From the records below, please print only the lines from the one containing "Image #2 - Cleo" through the one containing "daddy's little monster onesie", both included. Skip the pictures.

* RECORDS PROVIDED *
######

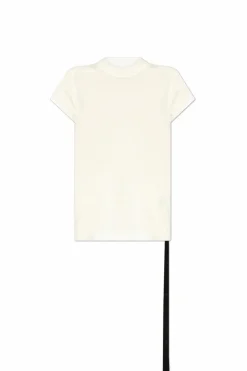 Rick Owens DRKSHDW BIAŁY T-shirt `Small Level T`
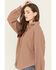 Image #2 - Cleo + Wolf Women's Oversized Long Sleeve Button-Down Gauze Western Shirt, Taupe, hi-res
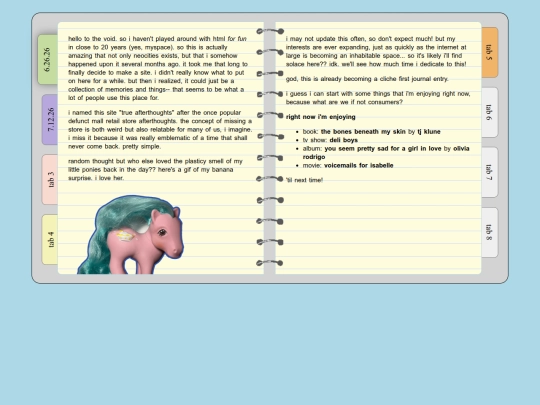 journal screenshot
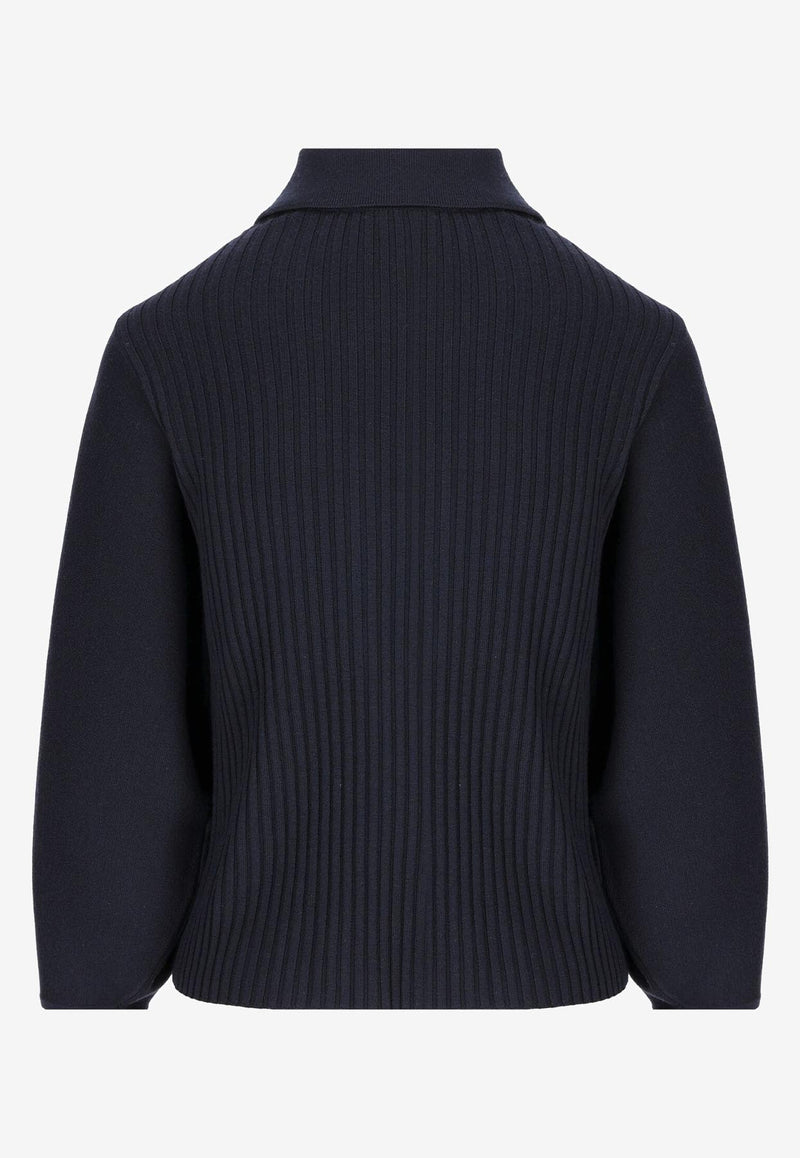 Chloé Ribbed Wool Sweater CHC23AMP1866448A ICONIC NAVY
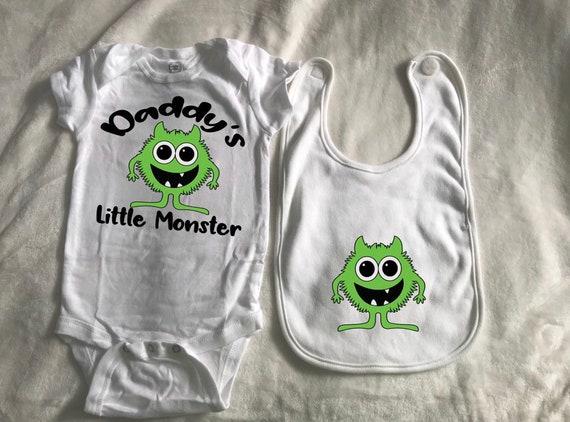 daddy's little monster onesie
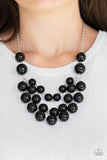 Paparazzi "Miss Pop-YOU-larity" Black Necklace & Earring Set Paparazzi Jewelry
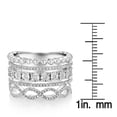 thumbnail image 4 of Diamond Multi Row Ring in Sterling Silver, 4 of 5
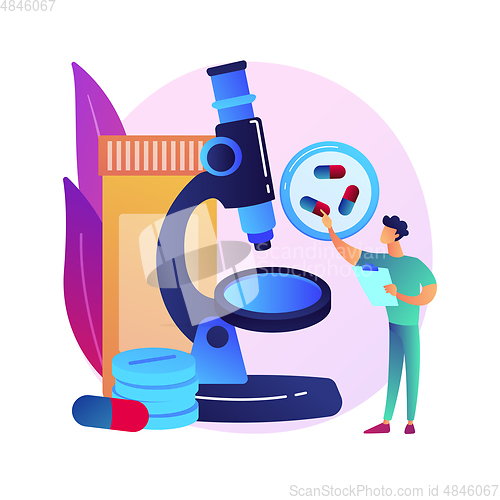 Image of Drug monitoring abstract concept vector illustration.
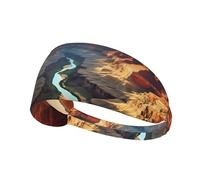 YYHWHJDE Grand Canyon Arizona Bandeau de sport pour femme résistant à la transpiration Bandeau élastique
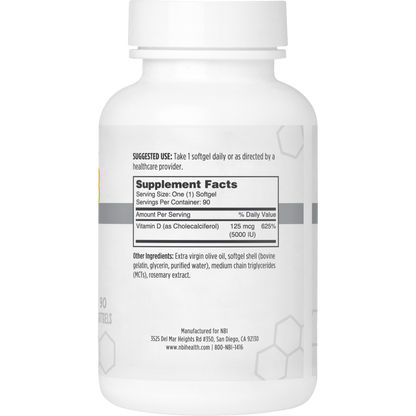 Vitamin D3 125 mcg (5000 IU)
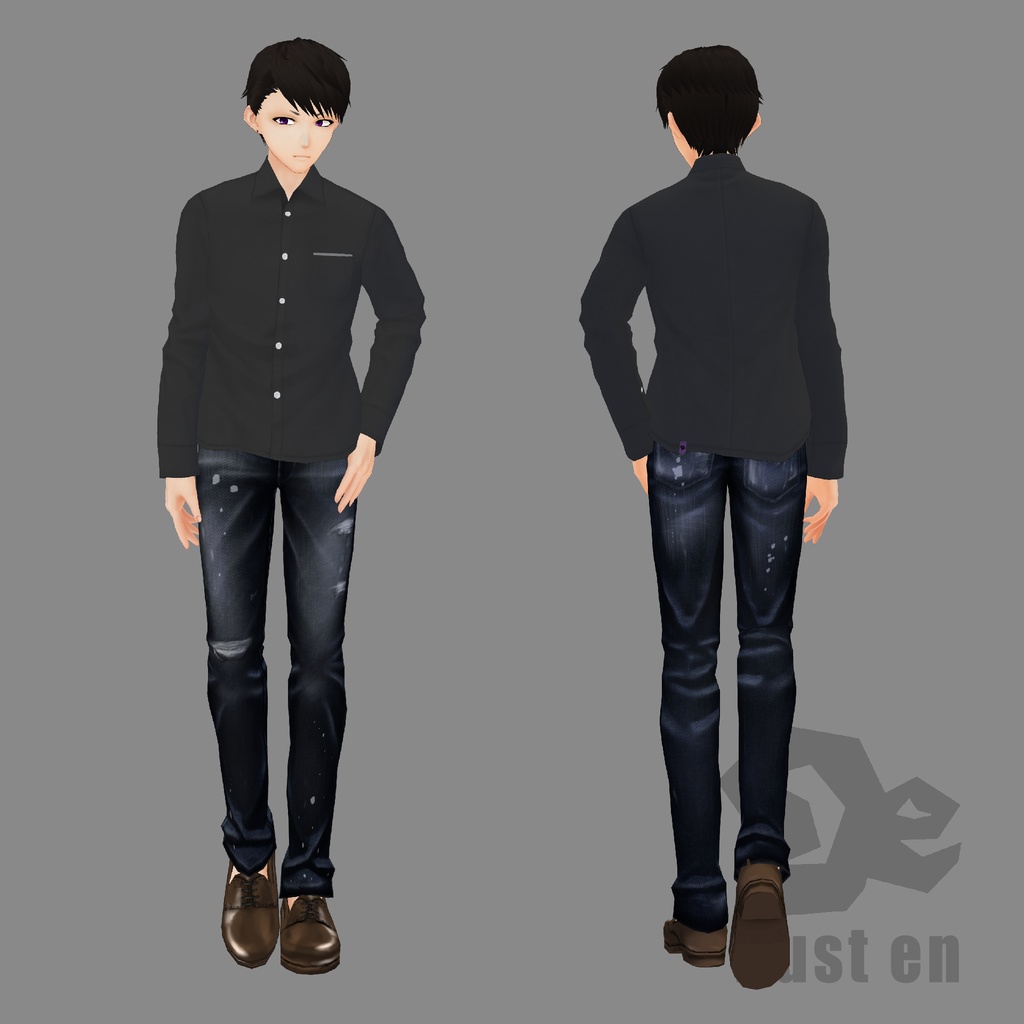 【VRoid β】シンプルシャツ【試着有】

######

* SOLVED PROBLEM *
 Image #2 - Cleo + Wolf Women's Oversized Long Sleeve Button-Down Gauze Western Shirt, Taupe, hi-res
 journal screenshot
 Chloé Ribbed Wool Sweater CHC23AMP1866448A ICONIC NAVY
 daddy's little monster onesie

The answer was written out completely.